++++ DATA PROVIDED ++++
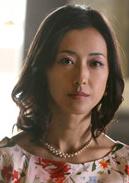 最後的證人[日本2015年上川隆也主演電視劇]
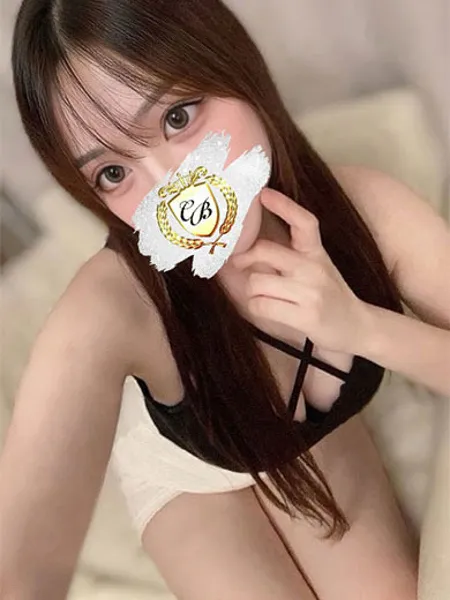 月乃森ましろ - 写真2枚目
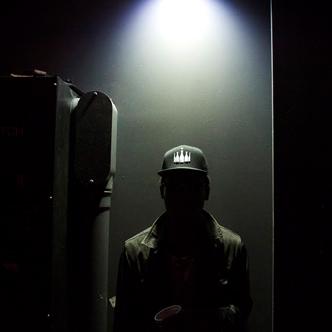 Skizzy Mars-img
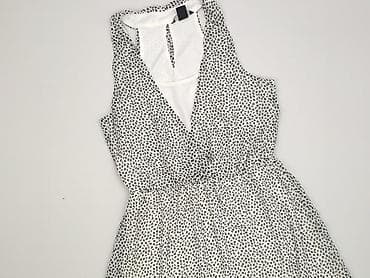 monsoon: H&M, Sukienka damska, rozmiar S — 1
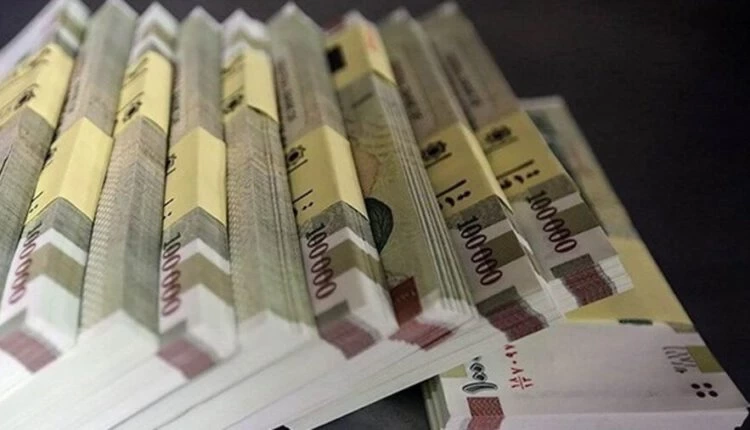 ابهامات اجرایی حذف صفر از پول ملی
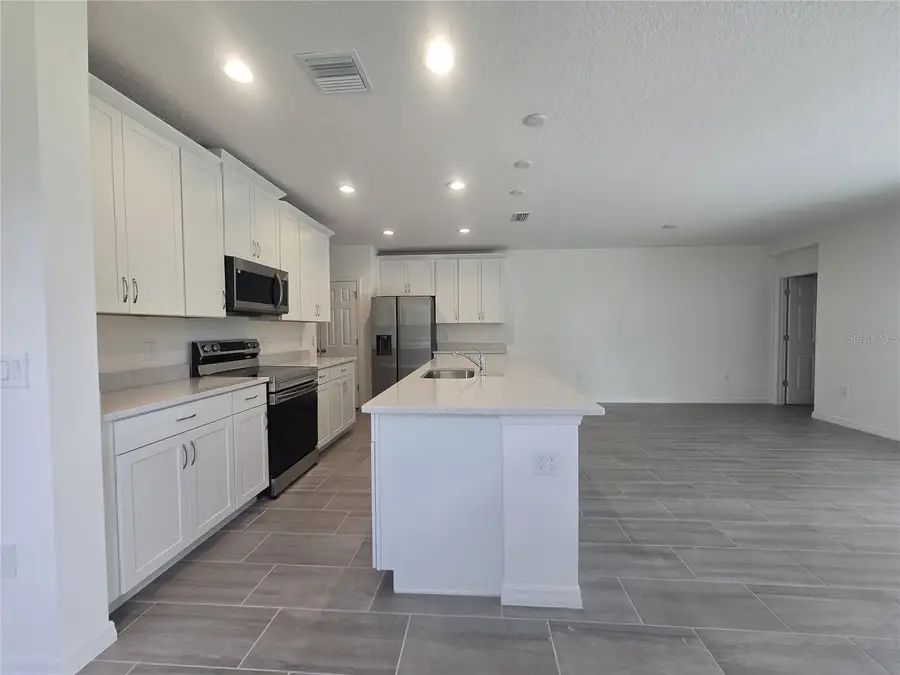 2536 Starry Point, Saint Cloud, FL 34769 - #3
++++
INSTRUCTIONS TO FOLLOW:
The output must match, line for line, the span from the line containing "monsoon: H&M, Sukienka damska, rozmiar S — 1" through the end of the data, with the pictures removed.

RESULT FOR THIS EXERCISE:
 monsoon: H&M, Sukienka damska, rozmiar S — 1
 ابهامات اجرایی حذف صفر از پول ملی
 2536 Starry Point, Saint Cloud, FL 34769 - #3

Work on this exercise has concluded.